What you need to do → Collect every line of the records below that contains the word "Silicone".

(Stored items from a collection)
++++

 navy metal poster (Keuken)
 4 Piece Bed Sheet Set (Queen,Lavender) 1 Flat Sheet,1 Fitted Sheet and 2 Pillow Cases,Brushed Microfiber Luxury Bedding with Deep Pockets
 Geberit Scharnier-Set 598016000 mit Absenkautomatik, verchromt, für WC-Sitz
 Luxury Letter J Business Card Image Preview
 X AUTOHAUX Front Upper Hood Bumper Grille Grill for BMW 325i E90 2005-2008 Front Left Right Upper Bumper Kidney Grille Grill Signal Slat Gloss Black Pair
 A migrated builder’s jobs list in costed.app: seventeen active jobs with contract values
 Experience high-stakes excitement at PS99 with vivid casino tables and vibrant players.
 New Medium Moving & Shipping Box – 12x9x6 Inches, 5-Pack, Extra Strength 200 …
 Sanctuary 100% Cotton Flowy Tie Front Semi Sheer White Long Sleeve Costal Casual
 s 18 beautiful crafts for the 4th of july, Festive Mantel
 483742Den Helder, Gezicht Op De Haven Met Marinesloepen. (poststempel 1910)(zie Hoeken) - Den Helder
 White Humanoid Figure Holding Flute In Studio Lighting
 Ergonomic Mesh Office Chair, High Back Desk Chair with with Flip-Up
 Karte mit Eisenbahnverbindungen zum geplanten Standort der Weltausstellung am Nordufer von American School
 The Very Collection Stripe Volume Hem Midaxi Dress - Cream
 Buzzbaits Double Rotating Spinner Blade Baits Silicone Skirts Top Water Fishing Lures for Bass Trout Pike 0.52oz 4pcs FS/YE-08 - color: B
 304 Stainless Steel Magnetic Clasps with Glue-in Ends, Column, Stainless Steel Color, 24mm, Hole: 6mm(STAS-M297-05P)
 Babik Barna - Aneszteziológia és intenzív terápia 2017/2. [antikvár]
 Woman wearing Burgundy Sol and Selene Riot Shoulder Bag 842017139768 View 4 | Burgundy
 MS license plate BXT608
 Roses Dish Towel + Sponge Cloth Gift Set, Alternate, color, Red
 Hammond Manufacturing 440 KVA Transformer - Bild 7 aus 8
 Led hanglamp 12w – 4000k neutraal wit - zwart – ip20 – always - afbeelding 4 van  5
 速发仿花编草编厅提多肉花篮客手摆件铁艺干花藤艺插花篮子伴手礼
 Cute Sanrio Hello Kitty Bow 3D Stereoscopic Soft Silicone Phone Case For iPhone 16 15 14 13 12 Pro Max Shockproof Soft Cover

++++

Task output →
 Buzzbaits Double Rotating Spinner Blade Baits Silicone Skirts Top Water Fishing Lures for Bass Trout Pike 0.52oz 4pcs FS/YE-08 - color: B
 Cute Sanrio Hello Kitty Bow 3D Stereoscopic Soft Silicone Phone Case For iPhone 16 15 14 13 12 Pro Max Shockproof Soft Cover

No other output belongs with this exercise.